I am loving being in Rio. I guess it has to do with the warm weather, the beach and the surrounding mountains. It all feels more natural and relaxed. I can see why it has a reputation for ‘fun in the sun’. I write this from the botanical gardens. They are a real oasis of green and shade. I walked this morning from the hostel and around the lagoon (Lagoa Rodrigo de Freitas), as far as the gardens. The path around the lagoon (which is more like a lake) is about 7.5 kms and a great favourite for walkers, joggers, bikers and skaters.

The amazing thing about Rio is that almost wherever you are, there is the backdrop of the giant stone edifices that are the mountains surrounding and interspersing the city. Often, there is also the sight of water, beaches and forests. That is not to say there is a shortage of concrete. This is a city of about 9 million people. But the buildings and the people are embedded in natural beautiful surroundings. The Tijuca Forest, of which the Botanical Gardens form a part, and which extend to the top of the Christ mountain, is the largest urban forest in the world.

The other thing I’ve noticed is that people don’t hassle or hustle you. There are a few hawkers and traders on the streets and beaches, but they are very passive. I’m sure I’m imposing stereotypes, but it feels like everyone just ‘gets’ that there’s more to life than work and money. Of course, Brazil has had at least a decade of strong economic growth, so I’m sure that helps. I’m also sure that the millions who still live in favelas are far from content, even if things are improving.

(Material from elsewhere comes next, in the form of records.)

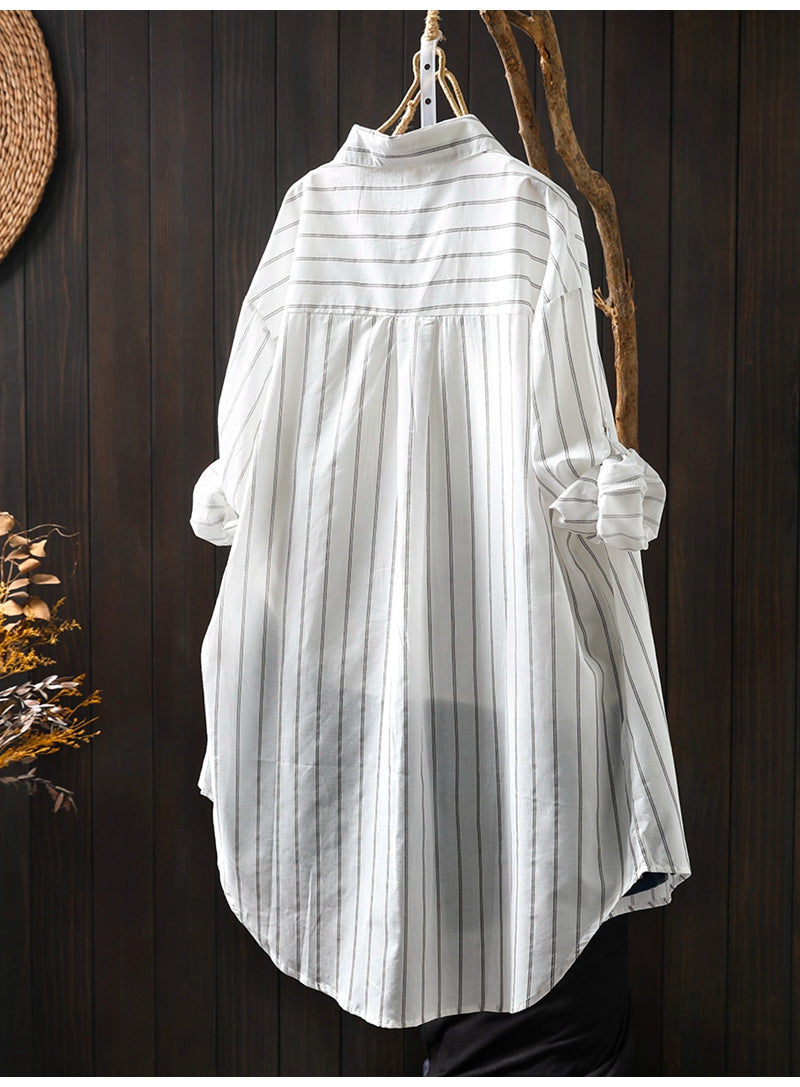 ladies oversized long sleeve shirt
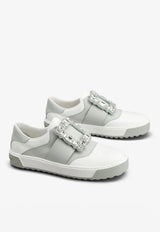 Roger Vivier Very Vivier Strass Buckle Sneakers Gray RVW68734610PDN1T87 1T87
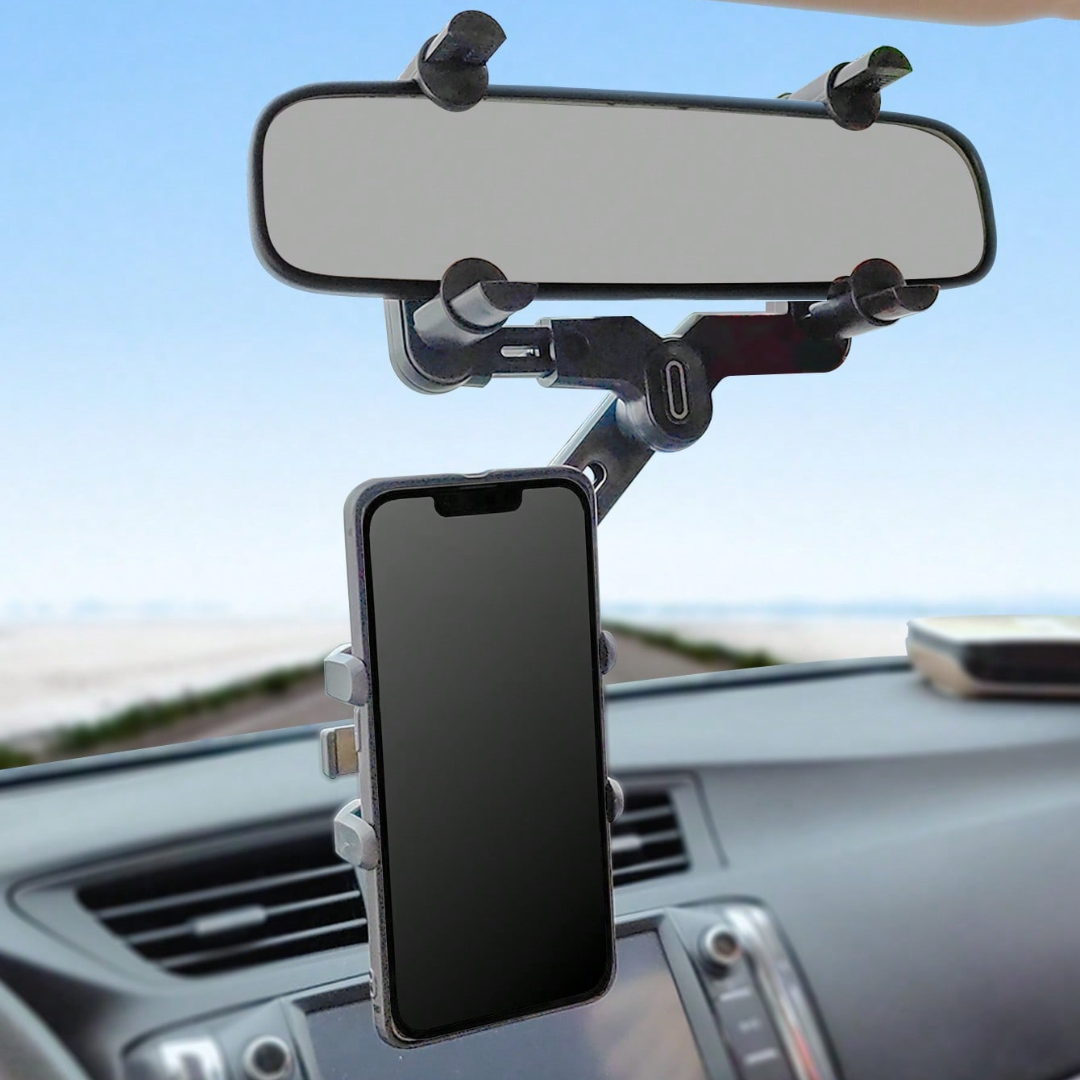 Rearview Mirror Phone Holder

The cafes here are also interesting. First, there are more juice bars than coffee shops, which makes sense in a place where the temperature seldom drops below 15 degrees. But also, the cafes are so unpretentious – scruffy even. Just small holes in the wall and plastic chairs on the pavements. It’s almost as if the important thing is the people, the company and the food/drink, not the trappings.

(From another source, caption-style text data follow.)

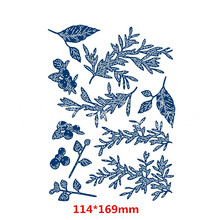 Wild Holly Leaf  Metal Cutting Dies Stencil for DIY Scrapbooking Embossing Photo Album Decoration Paper Card Craft Die Cut 2024 - buy cheap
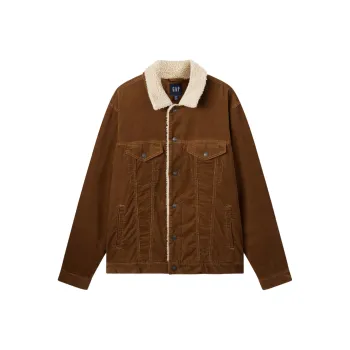 GAP Jackets Unisex Coffee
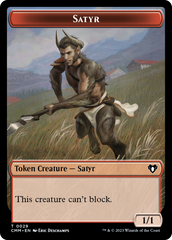 Eldrazi Spawn // Satyr Double-Sided Token [Commander Masters Tokens] | Sanctuary Gaming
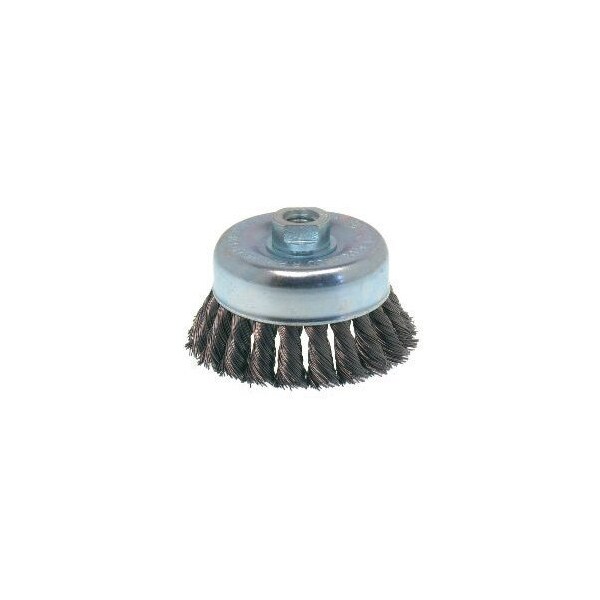 Osborn KNOT WIRE CUP 6 in. ODx.020 in. STEELx5/8-11 NC AHClamshell - 99043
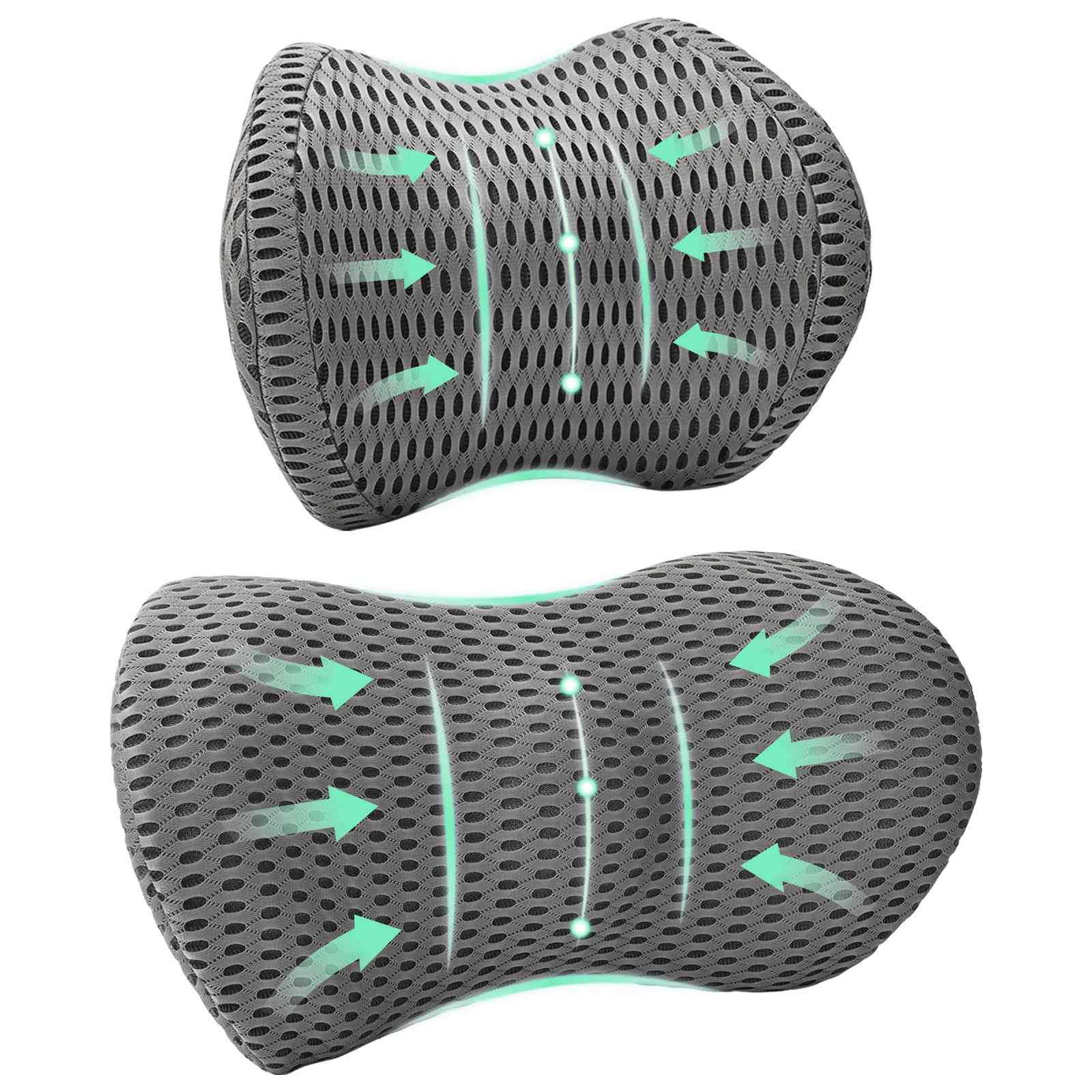 Almohada cervical, Almohada lumbar Gris Espuma Viscoelástica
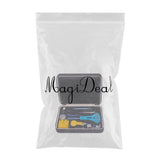 Max 143 Pcs Watch Repair Tool Kit Link Remover Spring Bar Back Case Opener Black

I should mention that I am competing with buzzing things for my drink, which is called Guarana Antarctica, a classic soda in Brazil made from berries from the Amazon. There is certainly no shortage of buzzing, biting things in Rio, and it must be worse the closer to the tropics and the rainforest you get. Yesterday’s tour was breathtaking. I count myself so fortunate to have the opportunity to see such beautiful places in the world.